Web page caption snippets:
• • • • •
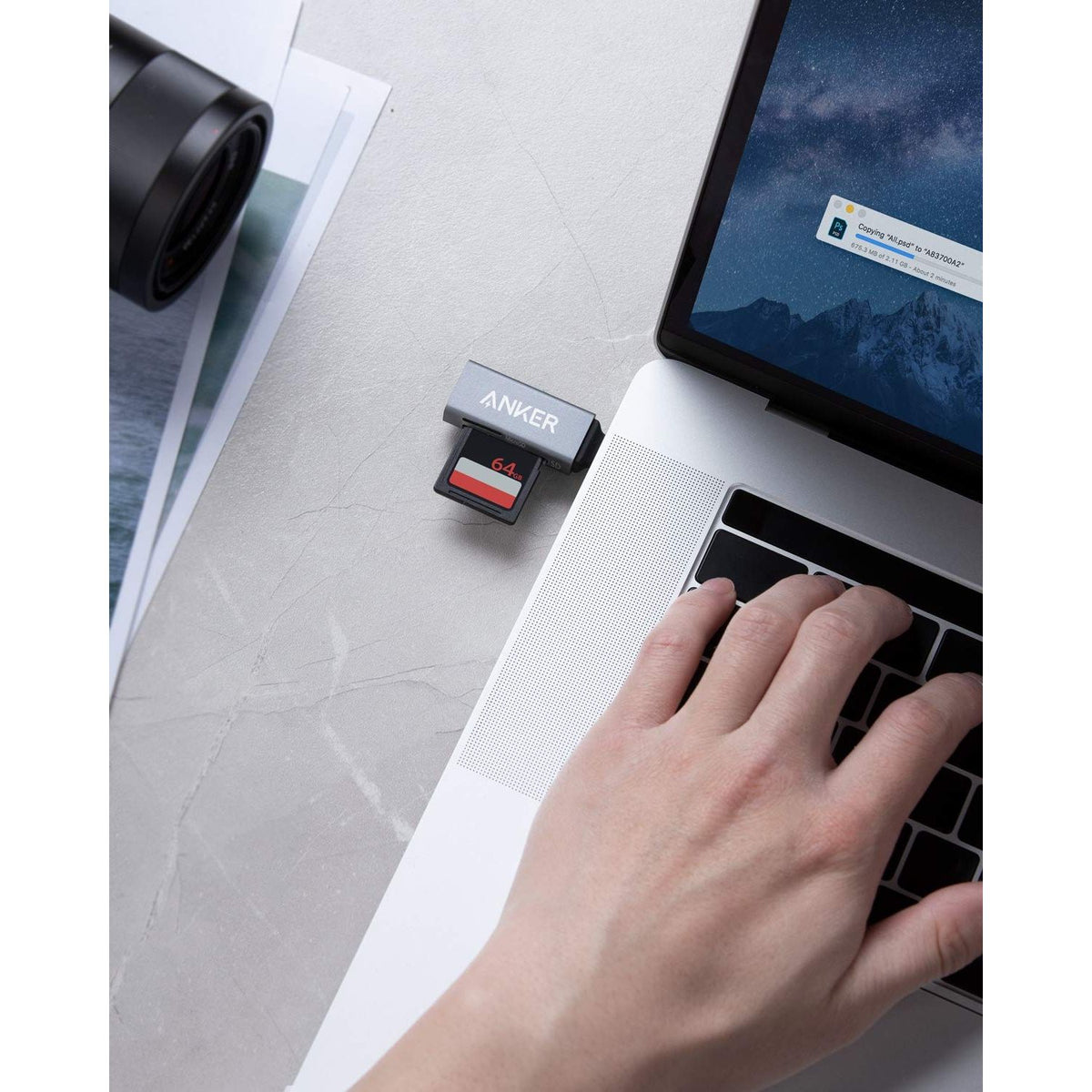 Anker SD Card Reader, 2-in-1 USB C Memory Card Reader for Digital Camera SD Card Viewer with Dual Slot for SDXC, SDHC, SD, MMC, RS-MMC, Micro SDXC,MicroSD, Micro SDHC Card, and UHS-I Cards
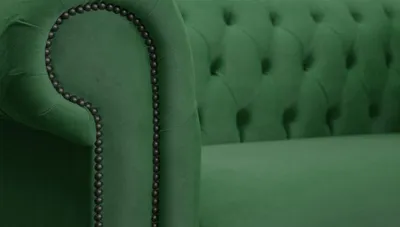 Image de Cheserfield Velvet Canapé 2 places Designer Canapé Textile Tissu Rembourrage Vert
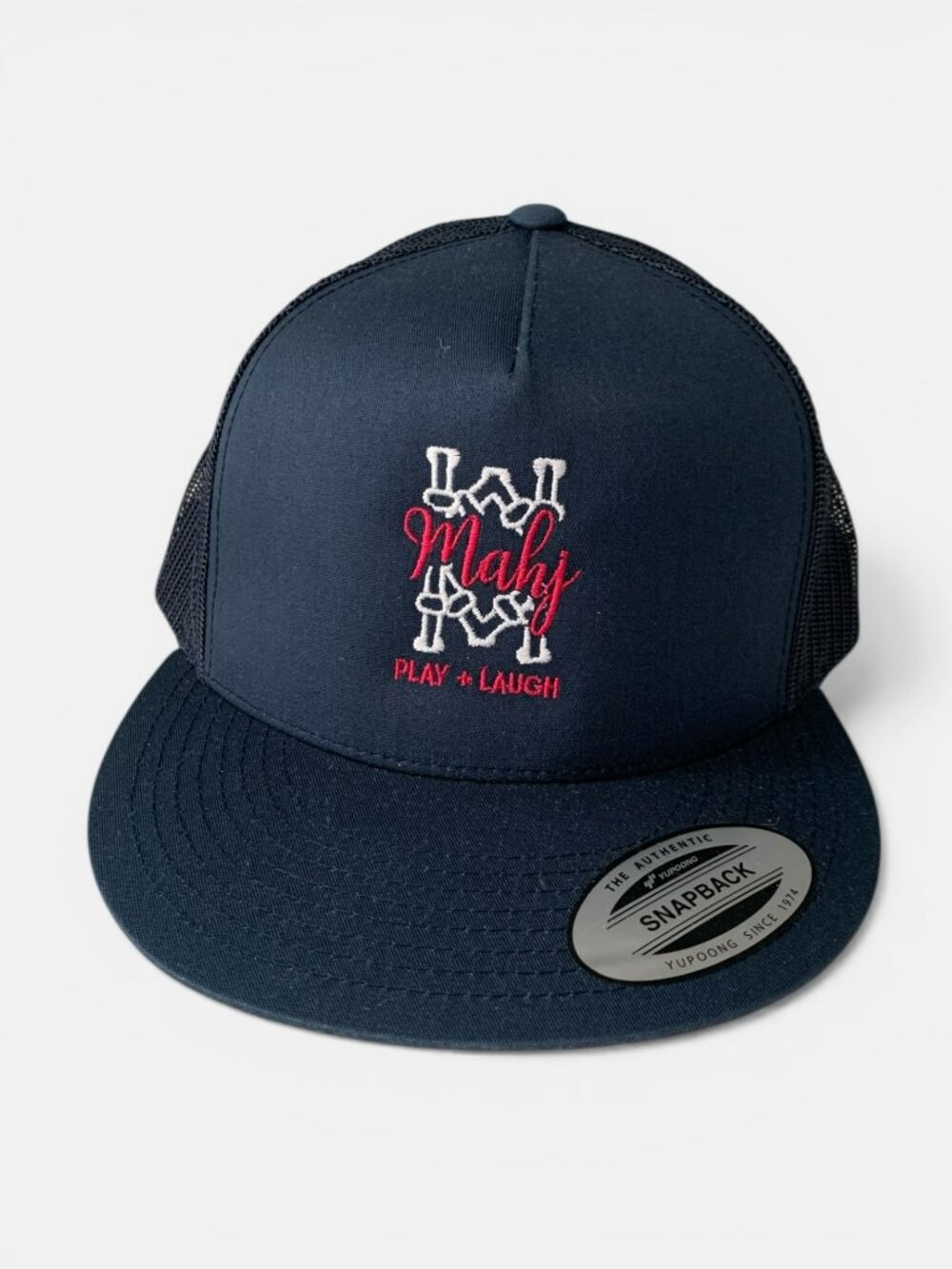 Mahjong Embroidered Trucker Hat Navy Snapback Play Laugh Mahj Game Gift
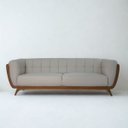 Ver imagem 2 de Sofá 3 Lugares 240cm com Pés em Madeira Linha Premium Compose em Bouclê Off-white e Corino Caramelo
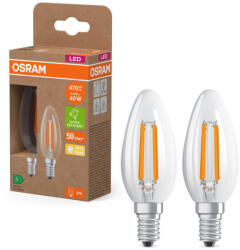 OSRAM 2x LED izzó B35 gyertya E14 2.2W = 40W 470lm 2700K Meleg 320° 214lm/W KLASSZIKUS ENERGIAHATÉKONYSÁG Osram (4099854255472)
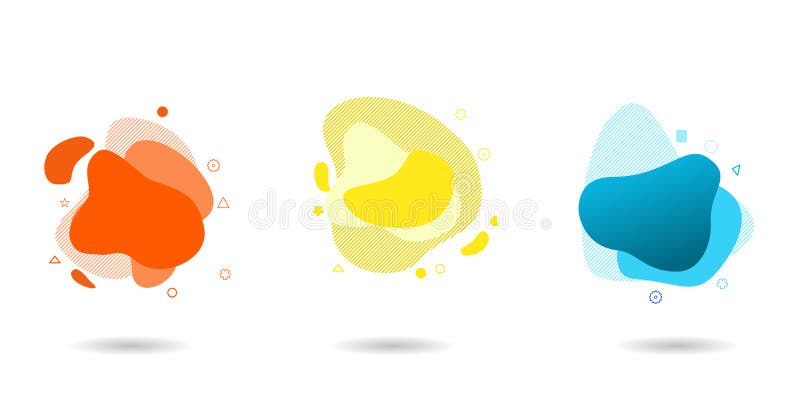 Flat shape and fluid blob, liquid stain and geometric form. Set of isolated abstract spot with gradient or dynamic color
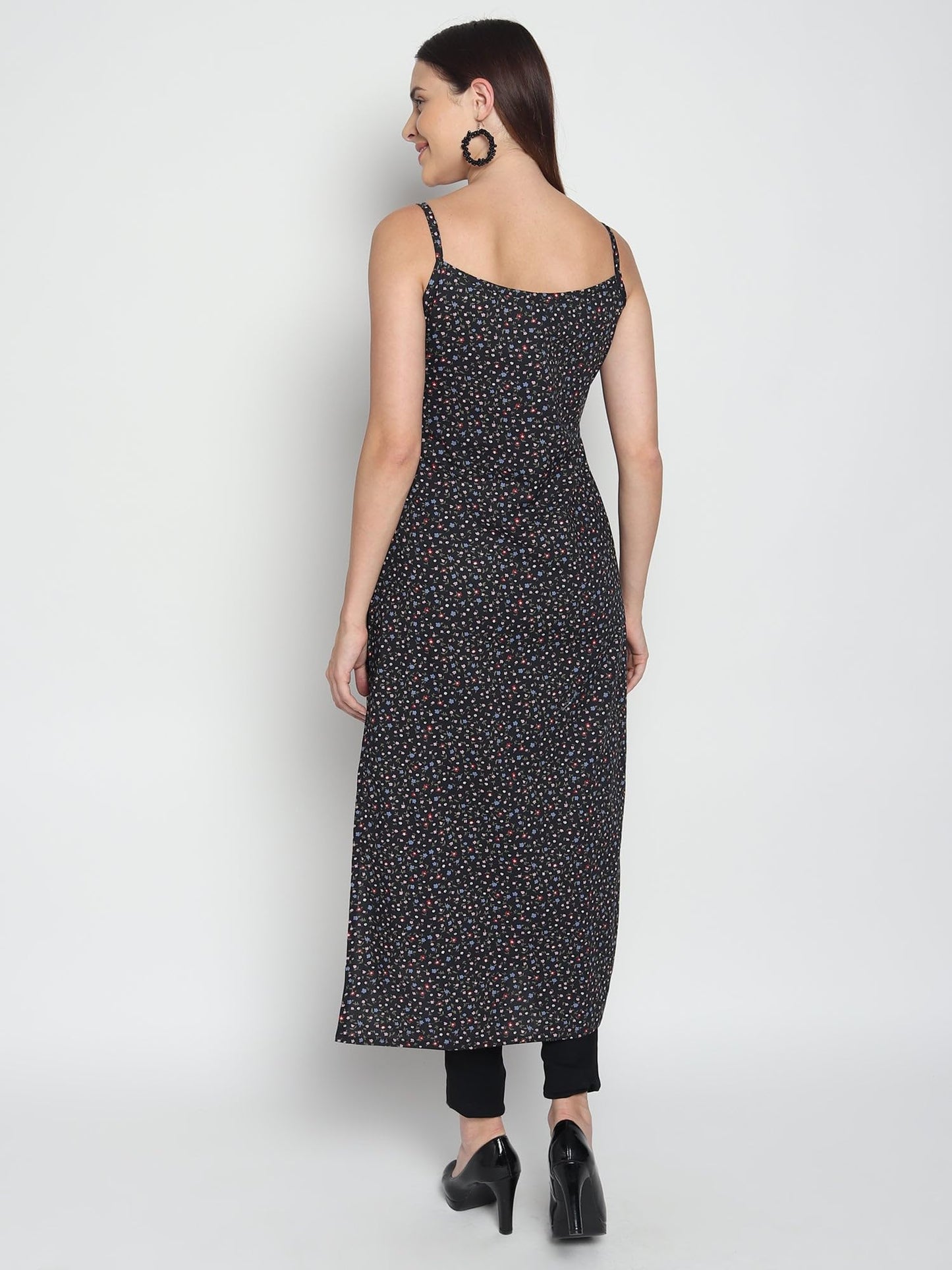 PATLANI Womens Crepe Full Stitched Kurti. Black
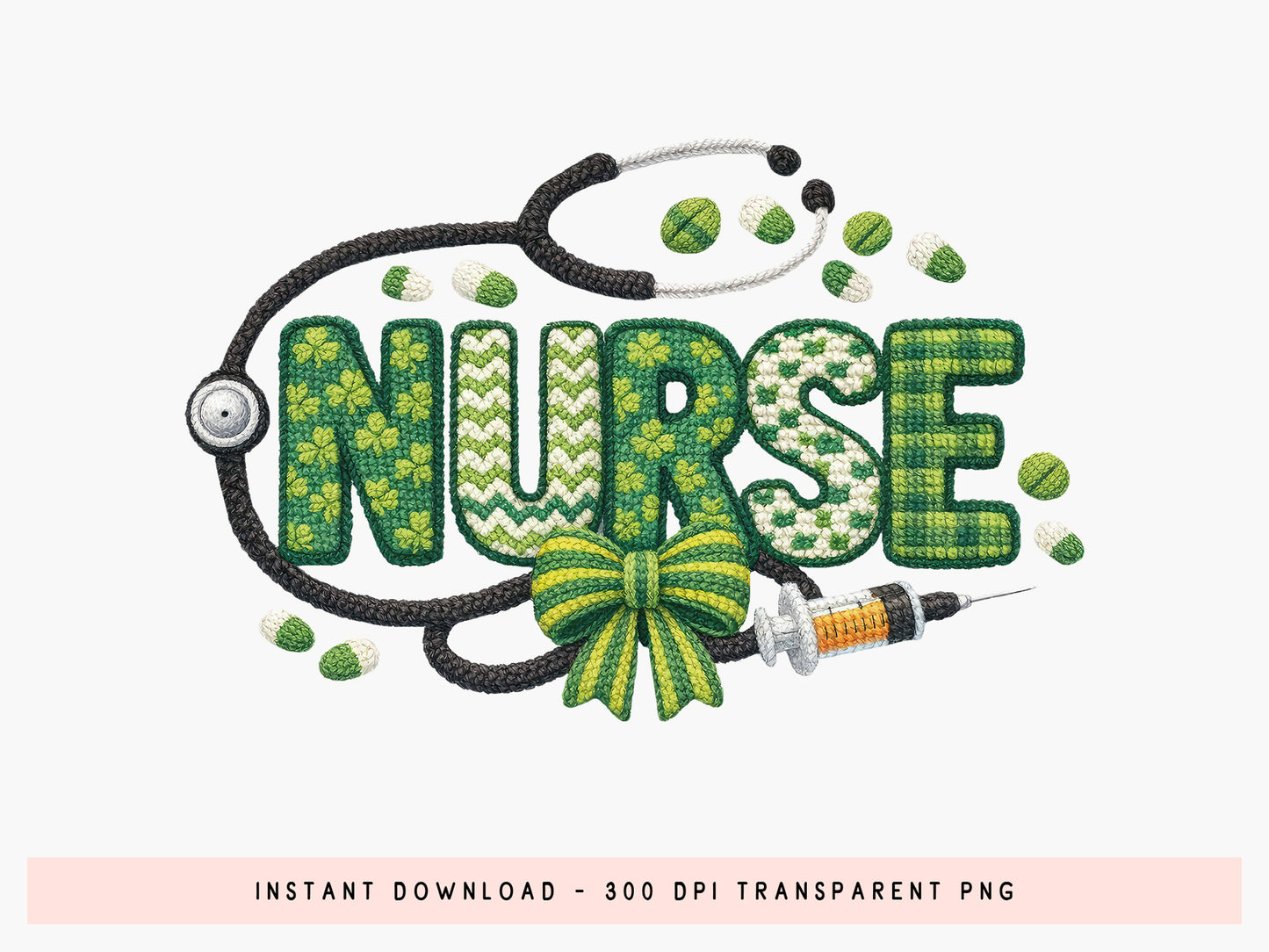 Faux Yarn Nurse St Patrick's Day Sublimation
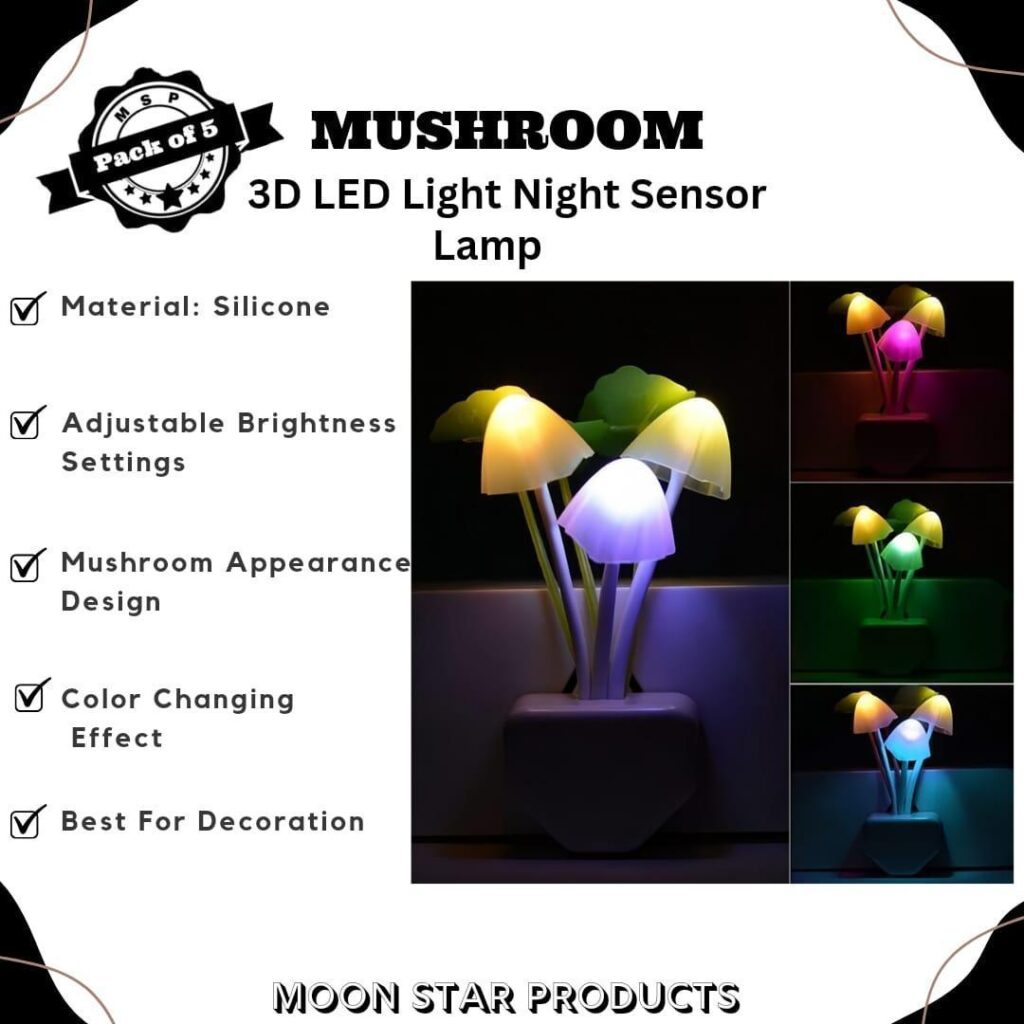 Color Changing LED Mushroom Night Light (Multicolor)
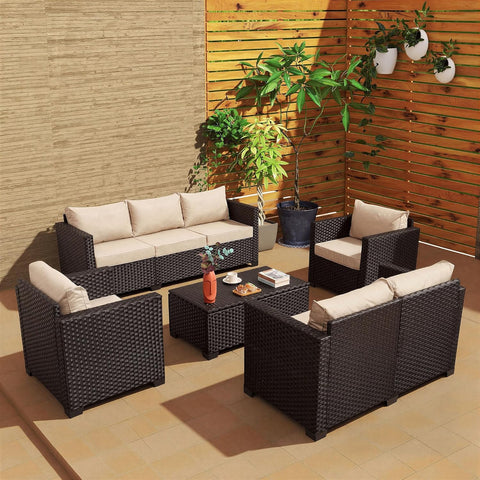5-Piece Outdoor Patio Furniture Set | Khaki for Patio, Garden & Porch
• • • • •
What is needed is an exact copy of the data, with the pictures removed.

> EXERCISE SOLUTION
 Anker SD Card Reader, 2-in-1 USB C Memory Card Reader for Digital Camera SD Card Viewer with Dual Slot for SDXC, SDHC, SD, MMC, RS-MMC, Micro SDXC,MicroSD, Micro SDHC Card, and UHS-I Cards
 Image de Cheserfield Velvet Canapé 2 places Designer Canapé Textile Tissu Rembourrage Vert
 Mahjong Embroidered Trucker Hat Navy Snapback Play Laugh Mahj Game Gift
 Ver imagem 2 de Sofá 3 Lugares 240cm com Pés em Madeira Linha Premium Compose em Bouclê Off-white e Corino Caramelo
 OSRAM 2x LED izzó B35 gyertya E14 2.2W = 40W 470lm 2700K Meleg 320° 214lm/W KLASSZIKUS ENERGIAHATÉKONYSÁG Osram (4099854255472)
 Flat shape and fluid blob, liquid stain and geometric form. Set of isolated abstract spot with gradient or dynamic color
 PATLANI Womens Crepe Full Stitched Kurti. Black
 Faux Yarn Nurse St Patrick's Day Sublimation
 Color Changing LED Mushroom Night Light (Multicolor)
5-Piece Outdoor Patio Furniture Set | Khaki for Patio, Garden & Porch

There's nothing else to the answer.